President A. Lawrence Lowell (1909–1933), a political scientist, established new professional schools (public health, engineering) but elsewhere modified Eliot's legacy. Focusing anew on undergraduates, Lowell introduced major fields, the tutorial system, and the house plan, which lodged the three upper classes with tutors in residential units, partly as a way to undermine the influence of the Harvard clubs. Lowell's defense of the right of students and faculty to dissent—to oppose U.S. entry into World War I or be prolabor—led to tension with the corporation but enhanced Harvard's reputation for academic integrity. Lowell tolerated new ethnic groups, making Harvard perhaps the most tolerant of American universities. Yet he also helped impose a quota on the admission of Jewish students, fearing that they would crowd out Protestant applicants and develop "inappropriate ethnic consciousness."
Research Science, Student Radicalism, and an Enlarged Endowment
The presidencies of the chemist James B. Conant (1933–1953) and the classicist Nathan Pusey (1953–1971) marked a deemphasis on undergraduates and a dramatic shift in resources toward research science at the expense of the traditional liberal arts. Harvard became a chief recipient of federal research grants during World War II and the Cold War, which triggered the appointment of top researchers in key scientific and engineering fields and the construction of substantial new facilities for them. As of 1967, Harvard had trained 16 percent of Nobel Prize winners, more than any other university. By 1971, total enrollments were 40,000 and the operating budget was $200 million.

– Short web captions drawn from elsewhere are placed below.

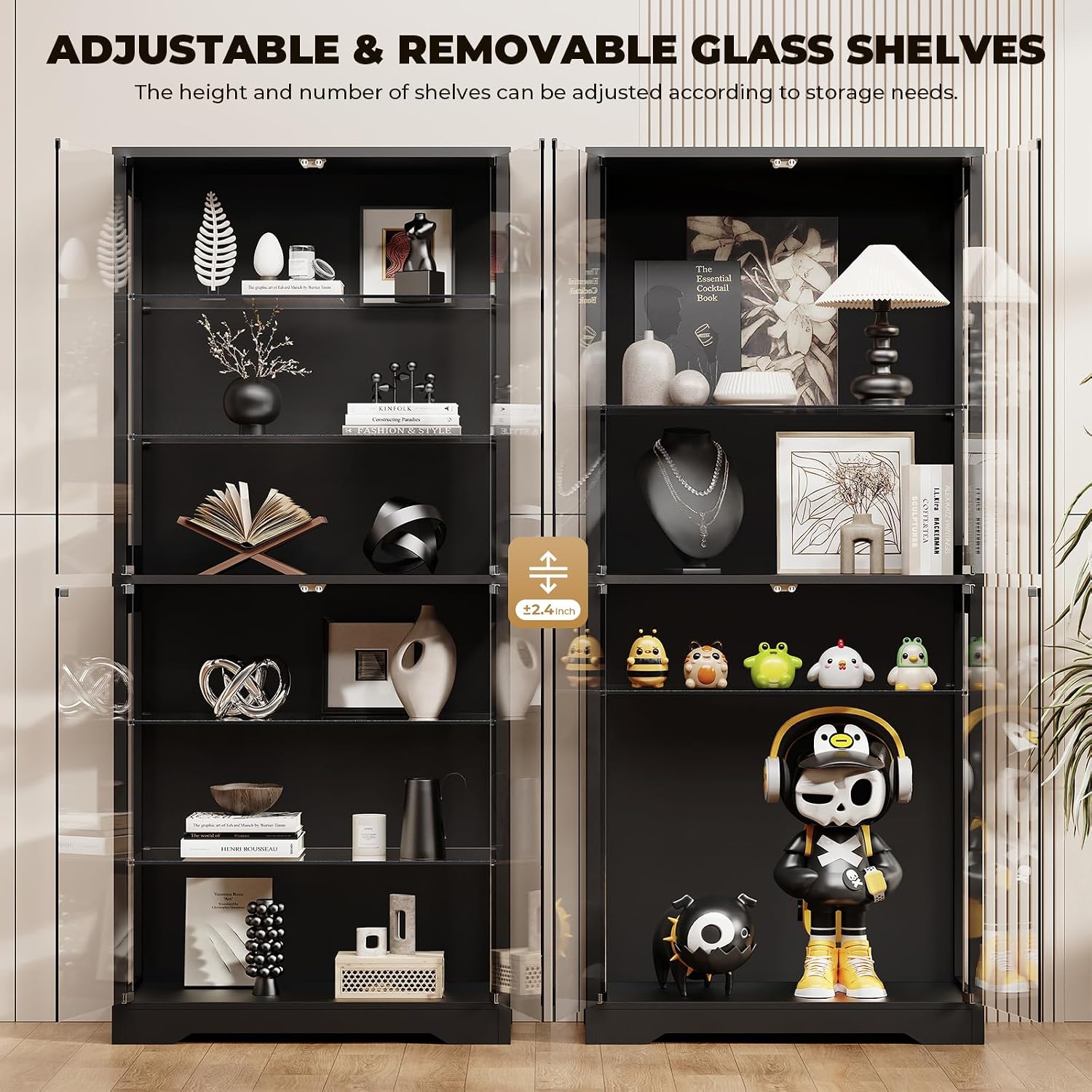 Thumbnail 5 de BROTTAR BD019B 71-Inch Display Cabinet with Glass Door, Adjustable Shelves and 3-Color Lights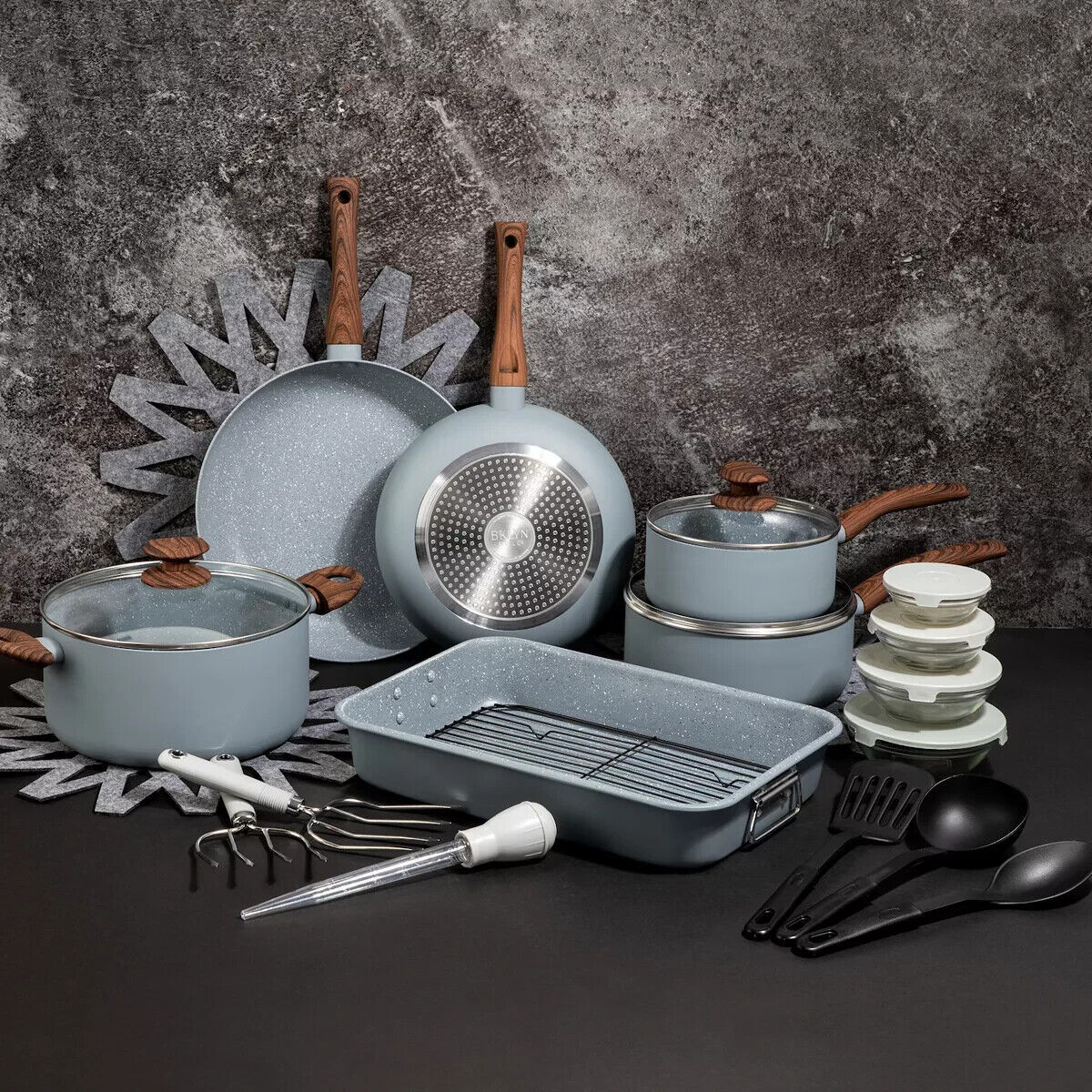 28PCS Luxury Cookware Set Nonstick Roaster Cooking Pan and Pot Set With Roaster Tools
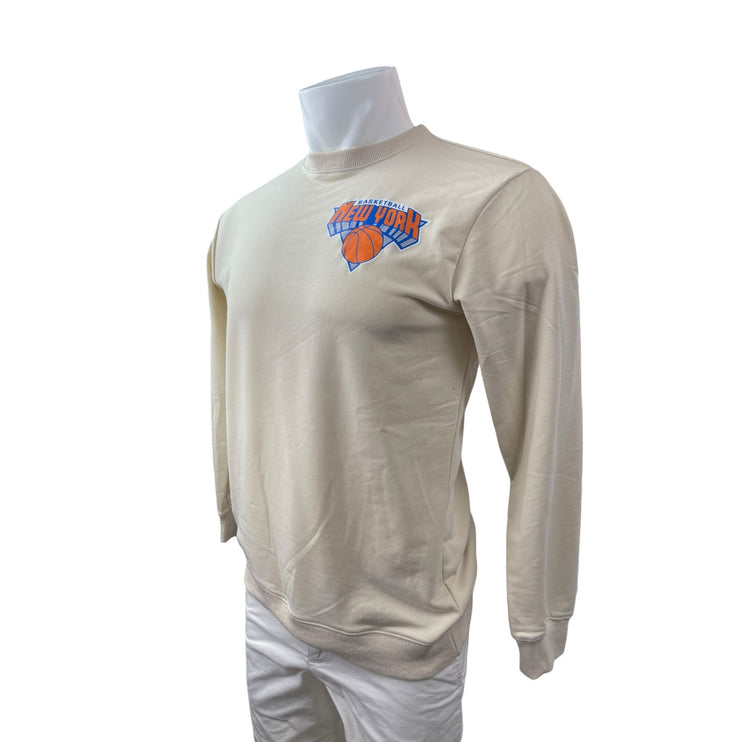 Men's Beige New York Knicks Jalen Brunson 11 NBA Long Sleeve Sweatshirt Top S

The struggle to maintain high academic standards while addressing radical activist demands and the needs of a suffering Cambridge consumed much of the administration of President Derek Bok (1971–1991), a lawyer who expanded Harvard's global presence and applicant pool. His successor, Neil Rudenstine (1991–2001), concentrated on increasing the university's endowment, which rose from $1.3 billion in the early 1970s to over $15 billion by the end of the century. This made Harvard the wealthiest university in the United States by a substantial margin, which prompted criticism of its high yearly tuition ($35,000) and low pay rates for janitorial and other staff. Lawrence Summers, an economist and former secretary of the Treasury, was appointed Harvard's twenty-seventh president in 2001.
BIBLIOGRAPHY
Hawkins, Hugh. Between Harvard and America: The Educational Leadership of Charles W. Eliot. New York: Oxford University Press, 1972.
Hershberg, James. James B. Conant: Harvard to Hiroshima and the Making of the Nuclear Age. New York: Knopf, 1993.
Morison, Samuel Eliot. Three Centuries of Harvard, 1636–1936. Cambridge, Mass.: Harvard University Press, 1936.
Story, Ronald. The Forging of an Aristocracy: Harvard and the Boston Upper Class, 1900–1970. Middletown, Conn.: Wesleyan University Press, 1980.
Yeomans, Henry A. Abbott Lawrence Lowell, 1856–1943. Cambridge, Mass.: Harvard University Press, 1948.